Abhängigkeit von Reichspräsidenten und SPD-Reichstagsfraktion

Nach dem Sturz der von Hermann Müller (SPD) geführten großen Koalition wurde Heinrich Brüning (Zentrum) am 29. März 1930 zum Reichskanzler ernannt. Er bildete eine Minderheitsregierung, die auf die Mitwirkung und Sonderbefugnisse des Reichspräsidenten angewiesen war. Hiermit war der politische Rahmen der gut zwei Jahre dauernden Kanzlerschaft Brünings abgesteckt: einerseits die Abhängigkeit vom Notverordnungsrecht des Reichspräsidenten und anderseits die pragmatische Tolerierung seiner Politik durch die sozialdemokratische Reichstagsfraktion. Die seit dem Oktober 1929 sich verschärfende Wirtschaftskrise setzte die demokratischen und moderaten Kräfte in der Reichspolitik unter enormen Druck. Ende 1929 gab es allein 2,3 Millionen Arbeitslose, die öffentliche Unterstützung erhielten, Ende 1932 war ihre Zahl auf 4,9 Millionen  angewachsen. Vor diesem Hintergrund radikalisierten sich bis zum Untergang der Weimarer Republik das Wahlverhalten und die Form der politischen Auseinandersetzungen im Sinne von Kommunisten und Nationalsozialisten sowie weiteren republikfeindlichen Parteien und Organisationen.

Aufhebung der Notverordnung

Die SPD hatte am 16. Juli 1930 die Aufhebung der Notverordnung zur „Sicherung von Wirtschaft und Finanzen“ gegen den Willen des Reichskanzlers im Reichstag durchgesetzt. Reichspräsident Paul von Hindenburg löste daraufhin am 18. Juli den Reichstag auf, so dass Neuwahlen angesetzt werden mussten. Die folgende Reichstagswahl vom 14. September 1930 ergab einen starken Stimmenzuwachs für die Nationalsozialistische Deutsche Arbeiterpartei (NSDAP).

Brüning blieb Kanzler, konnte sich aber weiterhin nicht auf eine feste Mehrheit im Reichstag stützen. Am 18. Oktober 1930 stellten die Fraktionen von KPD, DNVP und NSDAP Misstrauensanträge gegen ihn. Die SPD-Fraktion schloss sich jedoch nicht an und sicherte damit den Fortbestand der Kanzlerschaft Brünings.   
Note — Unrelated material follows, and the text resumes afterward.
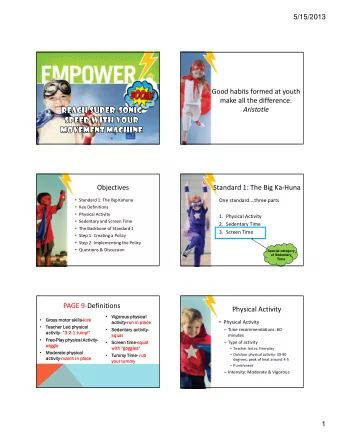 Good habits formed at youth make all the difference. Aristotle  Objectives Standard 1: The Big Ka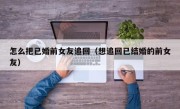 怎么把已婚前女友追回（想追回已结婚的前女友）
Brünings Politik war besonders auf die Sanierung der Reichsfinanzen mittels einer auf einen ausgeglichenen Staatshaushalt zielenden Deflationspolitik gerichtet. Diese Sparpolitik, die durch sinkende Staatsaufträge eine zusätzliche Belastung der krisengeschüttelten Wirtschaft darstelte, fand keine parlamentarische Mehrheit und musste daher mit dem Notverordnungsrecht des Reichspräsidenten durchgesetzt werden. 

Im Sommer 1931 geriet nach Österreich auch die deutsche Bankenwelt in eine schwere Krise. Die Vereinigten Staaten erließen daraufhin ein Schuldenmoratorium, einen einjährigen Rückzahlungsaufschub für deutsche Reparationen. Ein geplantes Zollunionsabkommen mit Österreich musste vor dem Hintergrund der Bankenkrise und wegen eines negativen Schiedsspruches des Internationalen Gerichtshofes aufgegeben werden. Dies führte zum Rücktritt von Reichsaußenminister Julius Curtius (DVP) und zur Auflösung des Kabinetts Brüning am 7. Oktober 1931.
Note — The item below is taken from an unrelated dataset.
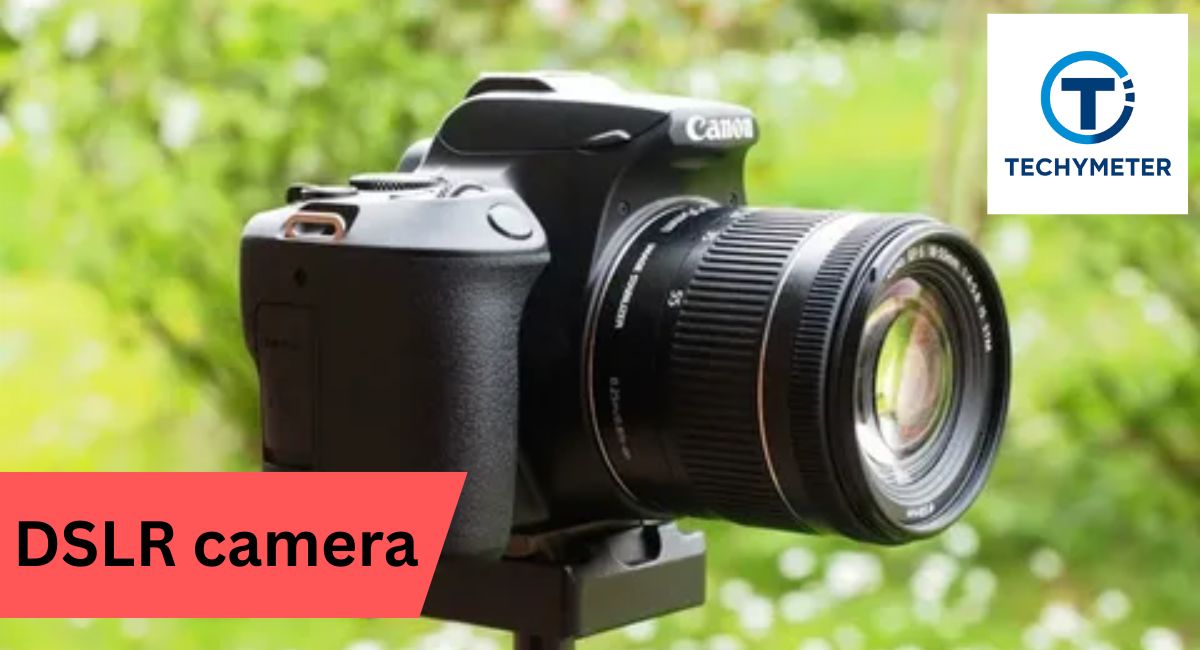 DSLR camera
Vertrauensverhältnis gestört

Reichspräsident von Hindenburg verlangte nun eine stärkere Rechtsorientierung der wiederum von Brüning neu zu bildenden Regierung. Diese nahm am 10. Oktober ihre Geschäfte auf, entsprach aber nur wenig den Wünschen des Reichspräsidenten. Das Verhältnis zwischen Brüning und Hindenburg wurde in den kommenden Monaten zusehends schwierig. Mit Blick auf die anstehenden Reichspräsidentenwahlen erwartete Hindenburg für seine Kandidatur, dass Brüning eine Unterstützung der Deutschnationalen (DNVP), der politischen Heimat Hindenburgs politisch aushandeln könne. Als dies nicht gelang und die Wiederwahl Hindenburgs am 10. April 1932 (im zweiten Wahlgang) hauptsächlich von der demokratischen Wählerschaft und insbesondere der Sozialdemokratie gesichert wurde, war das Vertrauensverhältnis zwischen Reichspräsident und Reichskanzler zerstört.

Auf Betreiben des Generals Kurt von Schleicher, der zu diesem Zeitpunkt einen großen Einfluss als Berater des Reichspräsidenten ausübte, musste Brüning am 30. Mai 1932 zurücktreten. Sein Nachfolger im Amt wurde am 1. Juni Franz von Papen. Zwei Tage später trat Papen aus der Zentrumspartei aus und kam so einem Parteiausschluss zuvor. Er hatte sich bereits 1925 für die Wahl Hindenburg zum Reichspräsidenten eingesetzt und damit den Zentrumskandidaten und Parteikollegen Wilhelm Marx brüskiert. Papens Opposition gegen Brüning war nun ein wiederholter Verstoß gegen die Parteiloyalität.